だから俺は赤城さんが気になったし、赤城さんのことが頭から離れなかった。
だけど、今日。……こうして、赤城さんの笑顔を見て。
それだけで満足は、できそうにない。
(俺、ヤッパリ……もっともっと、赤城さんと仲良くなりたい……ッ)
見ず知らずの俺を介抱してくれた赤城さんは、優しい人だ。
こうしていきなり押しかけて来た俺にも、赤城さんはコーヒーを出してくれた。
詳しい事情は分からないけど、江藤の暴力だって許してしまっている。
赤城さんは、凄く優しくて。
……凄く、寂しい人だ。
(もっと、笑顔になってほしい。嬉しくなったり、幸せだなって思ってもらいたい……ッ)
これは、恩返しだなんてキレイなものじゃない。
言ってしまえば、俺のエゴだ。俺が勝手に、赤城さんの笑顔を見たいと思っているだけなんだから。
こんな風に思える相手が、俺にとっては初めてで……。
(今までの彼女とか、真里もそうだけど……それとは、ちょっと違うんだよな……)
彼女って存在のことは、モチロン大切だ。
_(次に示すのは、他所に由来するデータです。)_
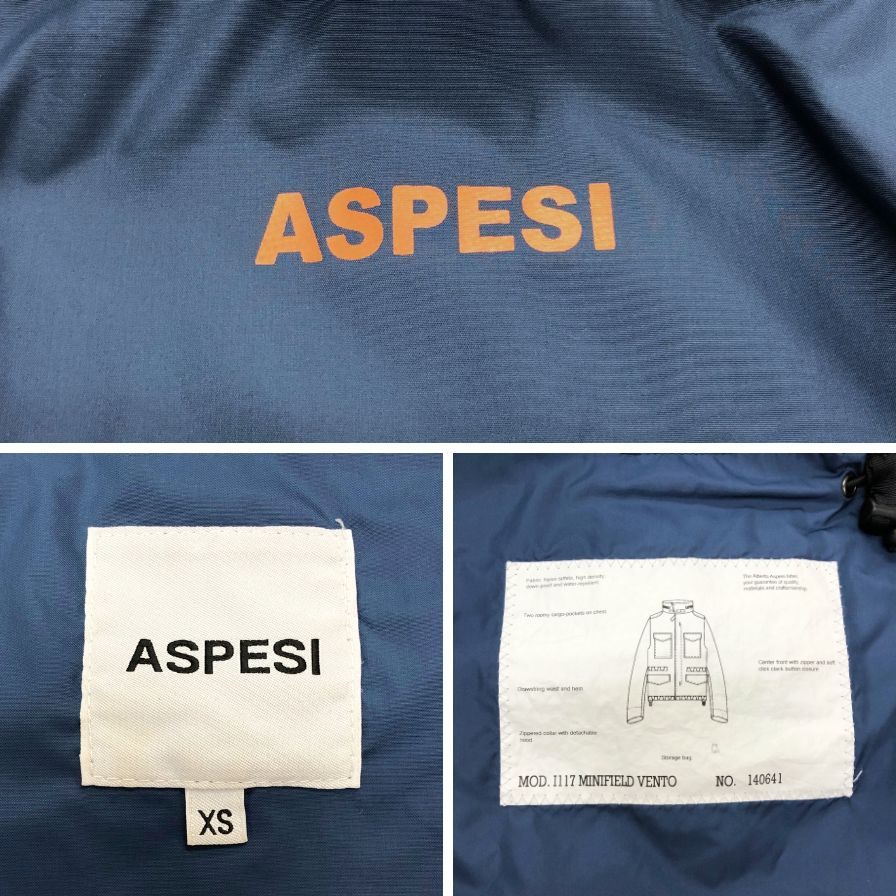 中古◆アスペジ ジャケット MINIFIELD VENT M65 ミリタリー ナイロン メンズ ブルー サイズ XS ASPESI 【AFB37】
じゃないと、付き合ったりなんかできない。
赤城さんが俺の彼女じゃないってことも、分かってる。
(なんて言うんだろうな? 『放っておけない』ってので、合ってるのか?)
難しい顔をして考え込んでしまっていたのだろう。
「本渡君? もしかして、怒らせてしまった……かな?」
赤城さんが、申し訳無さそうに委縮してしまった。
――違う!
――そういう顔をさせたいんじゃないだろ!
俺は慌てて、怒っていないとアピールをし始める。
「イヤ、いやいや! 違います! ちょっと考えごとしてて!」
「そうなの? ……もしかして、悩みごと?」
――あなたのことです。
とは、言えない。とても言えないのだ。
なのに赤城さんは、優しく微笑む。
「本渡君。その……僕は頼りないかもしれないけれど、きみより年上だ。それに、人の話を聴くのは得意だったりもする。だから、えっと……僕でよければ、話してみてくれないかな? 勿論、無理に聞き出すつもりはないし、聴くことしか、上手くはないけれど……」
笑顔が、どんどんしょぼくれた表情に変わる。
自分で言っていて、自信を喪失したのだろう。
そんなところも、なんだか……。
(――カワイイ)
そう思うと同時に、俺はひとつの答えを出した。
そして愚直すぎる俺は、その【答え】を、赤城さんにぶつけてしまったのだ。
「――赤城さん! 俺と、友達になりませんか!」
俺はいったい……たった一日で、何回赤城さんを驚かせてしまうのだろう。
しょんぼりと肩を落としていた赤城さんが、またもや驚いた顔をしている。
……俺ってホント、もっとまともにできないのかよ……ッ!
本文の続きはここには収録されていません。